22/01/2025
Goodbye, Ugly Scrollbars! Here’s How to Hide Them
Give Me 2 Minutes and Make Scrollbars Disappear Like Magic
This Tiny Detail Could Set Your Website Apart
A scrollbar shows on a page whenever there is an overflow happening. It lets the user know that a particular page can be scrolled horizontally or vertically.
Some issues developers come across when dealing with scrollbars include not putting accessibility in mind and not testing them across multiple browsers.
Knowing how to style, display, or hide scrollbars would make you stand out because, instead of the browser’s default styling, you can give your desired style that fits your brand.
To show the scrollbar, your page needs to overflow. By default, the overflow is visible, so only when your content can’t contain the page then the scrollbar would show up, or you can set it to show by default by setting overflow: scroll.
Knowing now that you are not just limited to the default style that allows all browsers to give their preferred style to the scrollbar, instead, you can give something unique that would be the same for all browsers.
Styling the scrollbar and making it unique.

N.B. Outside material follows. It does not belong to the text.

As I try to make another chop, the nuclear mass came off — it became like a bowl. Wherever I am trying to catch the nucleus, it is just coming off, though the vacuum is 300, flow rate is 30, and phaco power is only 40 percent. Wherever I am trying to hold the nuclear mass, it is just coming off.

Neat Pages Start Here: Mastering Hidden Scrollbars
Hiding the visibility of your scrollbar is different from making overflow hidden. If your scrollbar is hidden, your page won’t be able to scroll because you have given overflow: hidden to your page.
Hiding scrollbars should be based on the design, user experience, and some other factors. Note: also take care of accessibility issues for people that need accessibility features, like screen readers and so on.

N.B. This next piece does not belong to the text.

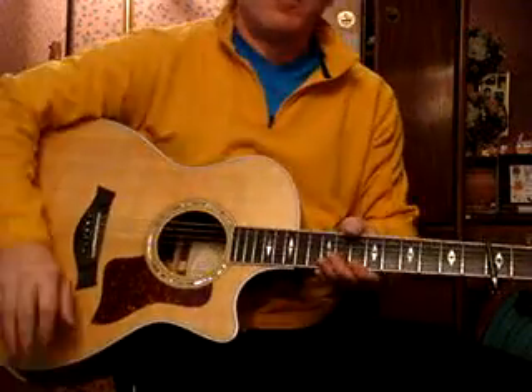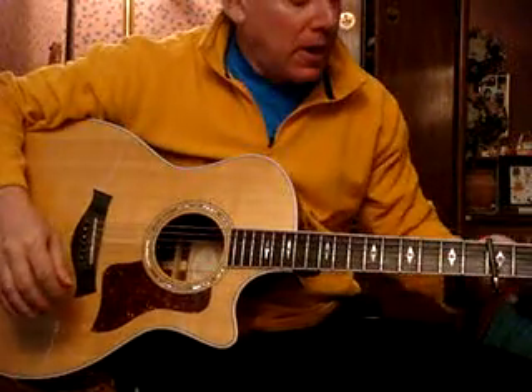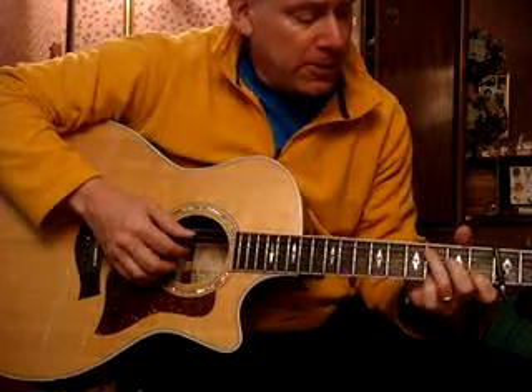This is an instrumental version of Babe It Ain't No Lie as taught by Stefan Grossman. I do have it capo'd up a few frets just to make the fingering a little bit easier.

A scrollbar, if not handled well, can prevent your design from being neat. There might be some areas on your page where you want the content to scroll but also avoid the scrollbar — this is when hiding the scrollbar comes in handy.
Hiding Scrollbars in CSS:
It works by giving your div, table, or any tag you want to apply the overflow to, a class name of your choice. In this case, I would use scrollbar-hide.
index.html
Index.css
scrollbar-hide::-webkit-scrollbar {
display: none;
}
scrollbar-hide {
-ms-overflow-style: none;
scrollbar-width: none;
}
Note:
The ::-webkit-scrollbar is a CSS pseudo-element that allows you to customize the appearance of scrollbars in browsers that use the WebKit rendering engine (e.g., Chrome, Safari, and newer versions of Edge).
The -ms-overflow-style is a CSS property specific to Internet Explorer (IE) and Edge (prior to version 79, which switched to the Chromium engine). It controls the appearance of the scrollbars in a web page or element.
Now you can go ahead improving your styling — not just letting scrollbars affect your design. You now have the power to disable or hide your scrollbar.
A scrollbar, which is caused by page overflow, can also affect the layout, style, or design of a page. Understanding how it works and how to go about it gives you so much flexibility to tweak it to your desired output.